_PROBLEM DETAILS_
Within the entries below, output exactly the lines between the line containing "Photo green-yellow apples" and the line containing "3058 Overlook Place", inclusive, and omit any picture.

_THE DATA_
....
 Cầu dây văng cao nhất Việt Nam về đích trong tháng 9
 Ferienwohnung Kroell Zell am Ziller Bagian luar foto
....
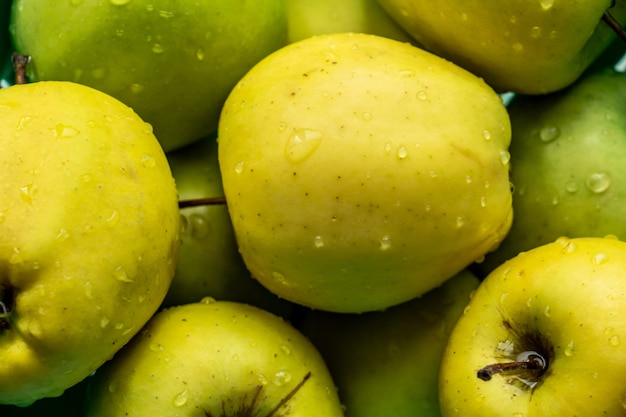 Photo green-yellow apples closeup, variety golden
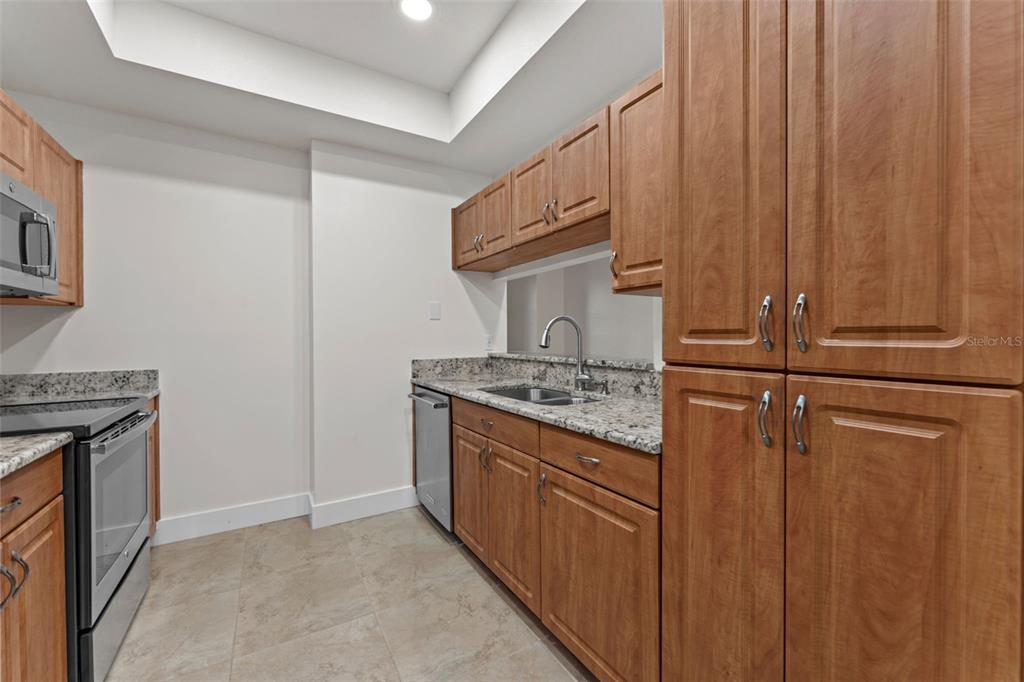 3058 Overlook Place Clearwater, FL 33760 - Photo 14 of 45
....
_PROBLEM SOLUTION_
 Photo green-yellow apples closeup, variety golden
 3058 Overlook Place Clearwater, FL 33760 - Photo 14 of 45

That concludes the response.